Contoh : piutang dagang, biaya atau beban dibayar di muka, surat berharga, kas, emas batangan, persediaan barang dagang, pendapatan yang akan diterima, dan lain sebagainya.
2. Harta Investasi / Aktiva Ivestasi / Investment Assets
Harta Investasi adalah harta yang diinvestasikan pada produk-produk investasi untuk mendapatkan keuntungan.
Contoh : Reksadana, saham, obligasi, dan lain-lain.
3. Harta Tak Berwujud / Intangible Assets
Aset tak berwujud adalah harta yang tidak memiliki bentuk tetapi sah dimiliki perusahaan dan dapat menghasilkan keuntungan bagi perusahaan.
Contoh : Merk dagang, hak paten, hak cipta, hak pengusahaan hutan / hph, franchise, goodwill, dan lain sebagainya.
4. Harta Tetap / Aktiva Tetap / Fixed Assets
Harta tetap adalah harta yang menunjang kegiatan operasional perusahaan yang sifatnya permanen kepemilikannya.
Contoh : Gedung, mobil, mesin, peralatan dan perlengapan kantor, dan lain-lain.
5. Harta Lainnya / Other Assets
Harta lain adalah perkiraan atau akun yang tidak dapat dikategorikan pada harta atau aset di atas baik dalam bentuk aset tetap, aset investasi, aset tak berwujud dan aset lancar.

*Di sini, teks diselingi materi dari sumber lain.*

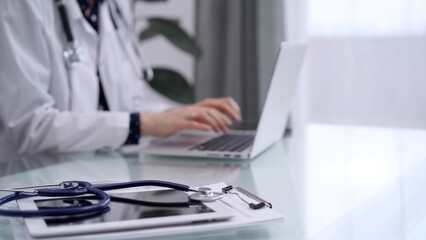 Tablet computer and blue stethoscope are on the glass table while doctor woman is using laptop computer on the glass table. Medicine concept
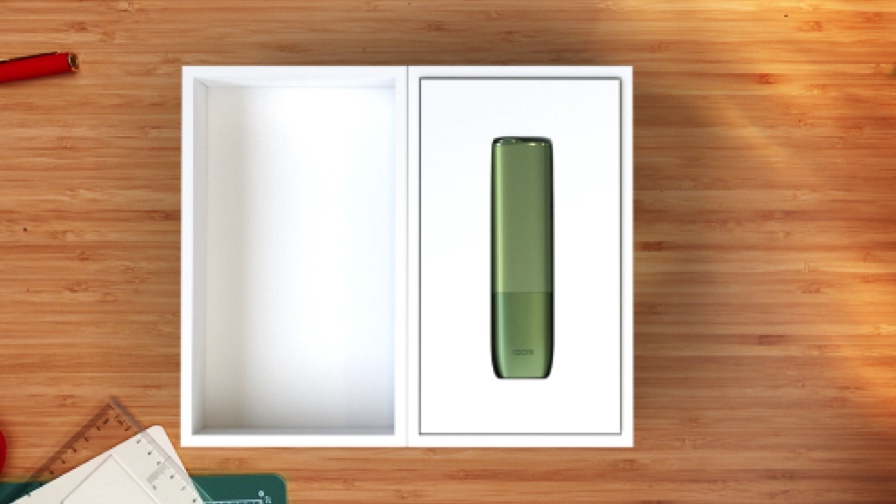 An IQOS ILUMA PRIME Holder and Pocket Charger in a box.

Contoh : Mesin rusak, uang jaminan, harta yang masih dalam proses kepengurusan yang sah, dan lain-lain.
B. Kewajiban / Hutang / Pasiva / Liabilities
Hutang adalah kewajiban perusahaan pada pihak ketiga untuk melakukan sesuatu yang pada umumnya dalah pembayaran uang, penyerahan barang maupun jasa pada waktu-waktu tertentu.
1. Hutang Lancar / Kewajiban Lancar / Current Liabilities
Hutang lancar adalah kewajiban yang harus dilunasi dalam tempo satu tahun.
Contoh : hutang dagang, beban yang harus dibayar, hutang dagang, hutang pajak, pendapatan diterima di muka, dan lain sebagainya.
2. Hutang Jangka Panjang / Long-Term Liabilities
Hutang jangka panjang adalah kewajiban yang harus dilunasi dalam jangka waktu lebih dari setahun.
Contoh : Hutang hipotek, hutang obligasi yang jatuh tempo lebih dari setahun, hutang pinjaman jangka panjang, dan lain sebagainya.
3. Hutang lain-lain / Other Payable
Perkiraan atau akun ini digunakan untuk mencatat hutang lain yang tidak termasuk pada hutang lancar dan hutang jangka panjang.
Contoh : uang jaminan, hutang pada pemegang saham, dan lain sebagainya.
C. Modal / Capital
Modal adalah hak milik atas kekayaan dan harta perusahaan yang berbentuk hutang tak terbatas suatu perusahaan kepada pemilik modal hingga jangka waktu yang tidak terbatas. Rumus modal adalah harta atau aset dikurangi dengan kewajiban atau hutang.
Contoh Modal : modal disetor, prive, modal komanditer, laba ditahan, agio saham, saham preferen & biasa, simpanan-simpanan, sisa hasil usaha atau shu, dan lain sebagainya.